DATASET RECORDS ▸
***

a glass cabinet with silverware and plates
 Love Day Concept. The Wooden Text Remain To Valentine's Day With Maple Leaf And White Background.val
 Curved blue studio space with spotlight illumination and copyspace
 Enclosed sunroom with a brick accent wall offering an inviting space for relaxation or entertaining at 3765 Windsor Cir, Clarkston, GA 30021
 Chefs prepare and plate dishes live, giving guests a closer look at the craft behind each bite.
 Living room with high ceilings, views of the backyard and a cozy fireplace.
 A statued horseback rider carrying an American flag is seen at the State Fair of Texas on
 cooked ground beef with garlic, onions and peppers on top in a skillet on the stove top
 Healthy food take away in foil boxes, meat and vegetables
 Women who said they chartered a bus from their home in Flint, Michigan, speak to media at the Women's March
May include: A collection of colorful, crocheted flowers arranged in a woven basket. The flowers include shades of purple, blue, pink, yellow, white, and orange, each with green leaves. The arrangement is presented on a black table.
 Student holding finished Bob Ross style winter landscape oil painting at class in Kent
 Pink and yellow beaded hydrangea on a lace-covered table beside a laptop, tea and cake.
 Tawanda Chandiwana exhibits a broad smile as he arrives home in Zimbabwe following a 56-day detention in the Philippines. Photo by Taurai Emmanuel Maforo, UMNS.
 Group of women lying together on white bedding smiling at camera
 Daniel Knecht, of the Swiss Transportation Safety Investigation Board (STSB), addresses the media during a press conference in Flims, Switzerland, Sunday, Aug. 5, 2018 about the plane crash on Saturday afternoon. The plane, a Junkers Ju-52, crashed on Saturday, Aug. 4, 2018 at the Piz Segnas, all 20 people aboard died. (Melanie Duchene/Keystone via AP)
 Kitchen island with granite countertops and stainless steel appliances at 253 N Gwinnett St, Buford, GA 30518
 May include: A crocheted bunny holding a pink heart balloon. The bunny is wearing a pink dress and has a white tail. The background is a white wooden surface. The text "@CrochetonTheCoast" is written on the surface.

***

DESCRIPTION OF THE TASK ▸ All records above must be printed again, exactly.

EXPECTED OUTPUT ▸
a glass cabinet with silverware and plates
 Love Day Concept. The Wooden Text Remain To Valentine's Day With Maple Leaf And White Background.val
 Curved blue studio space with spotlight illumination and copyspace
 Enclosed sunroom with a brick accent wall offering an inviting space for relaxation or entertaining at 3765 Windsor Cir, Clarkston, GA 30021
 Chefs prepare and plate dishes live, giving guests a closer look at the craft behind each bite.
 Living room with high ceilings, views of the backyard and a cozy fireplace.
 A statued horseback rider carrying an American flag is seen at the State Fair of Texas on
 cooked ground beef with garlic, onions and peppers on top in a skillet on the stove top
 Healthy food take away in foil boxes, meat and vegetables
 Women who said they chartered a bus from their home in Flint, Michigan, speak to media at the Women's March
May include: A collection of colorful, crocheted flowers arranged in a woven basket. The flowers include shades of purple, blue, pink, yellow, white, and orange, each with green leaves. The arrangement is presented on a black table.
 Student holding finished Bob Ross style winter landscape oil painting at class in Kent
 Pink and yellow beaded hydrangea on a lace-covered table beside a laptop, tea and cake.
 Tawanda Chandiwana exhibits a broad smile as he arrives home in Zimbabwe following a 56-day detention in the Philippines. Photo by Taurai Emmanuel Maforo, UMNS.
 Group of women lying together on white bedding smiling at camera
 Daniel Knecht, of the Swiss Transportation Safety Investigation Board (STSB), addresses the media during a press conference in Flims, Switzerland, Sunday, Aug. 5, 2018 about the plane crash on Saturday afternoon. The plane, a Junkers Ju-52, crashed on Saturday, Aug. 4, 2018 at the Piz Segnas, all 20 people aboard died. (Melanie Duchene/Keystone via AP)
 Kitchen island with granite countertops and stainless steel appliances at 253 N Gwinnett St, Buford, GA 30518
 May include: A crocheted bunny holding a pink heart balloon. The bunny is wearing a pink dress and has a white tail. The background is a white wooden surface. The text "@CrochetonTheCoast" is written on the surface.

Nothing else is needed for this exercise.